## Exercise prompt
Would you transcribe the entries below, beginning at the line with "Shell Pearl Cross" and ending after the line with "19, ASCOT PARK, LIVERPOOL, L23", exactly, with no picture and nothing more?

## Materials provided
^^^^
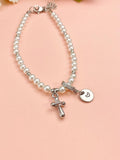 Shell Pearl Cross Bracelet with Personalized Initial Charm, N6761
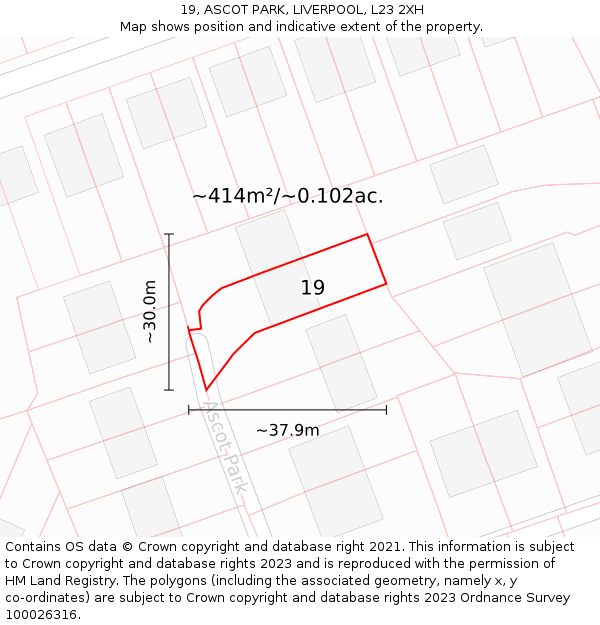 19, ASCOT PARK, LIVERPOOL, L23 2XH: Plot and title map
^^^^
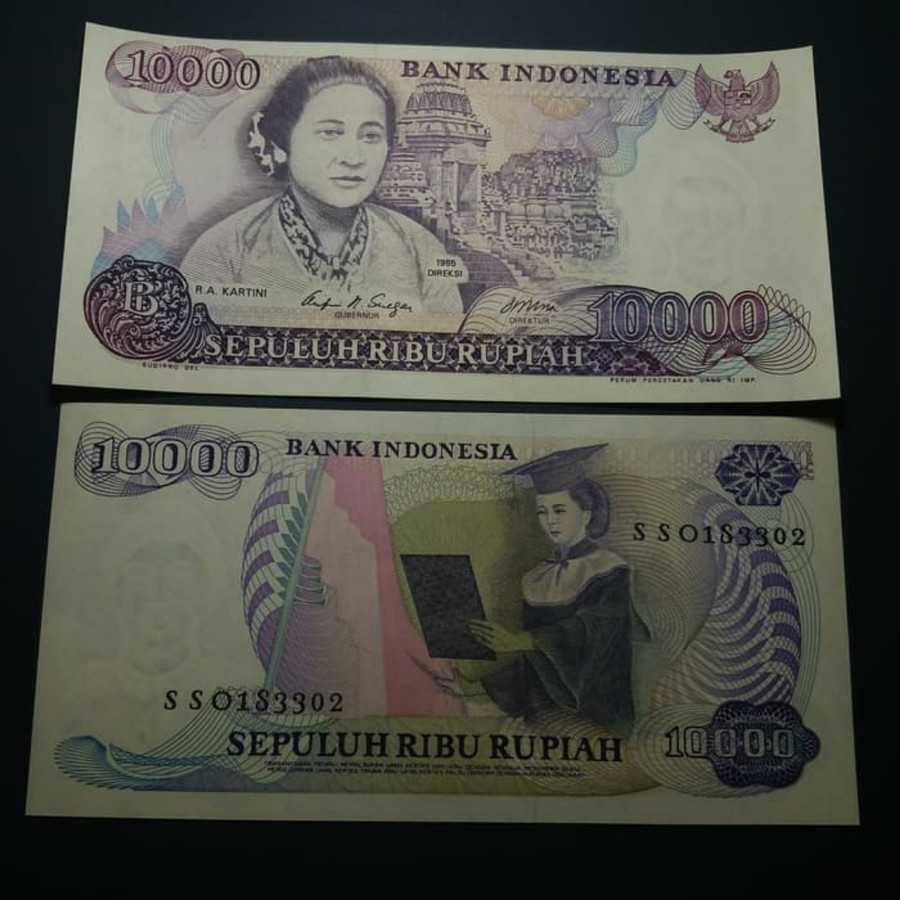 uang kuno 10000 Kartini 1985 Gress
^^^^
## Answer box
 Shell Pearl Cross Bracelet with Personalized Initial Charm, N6761
 19, ASCOT PARK, LIVERPOOL, L23 2XH: Plot and title map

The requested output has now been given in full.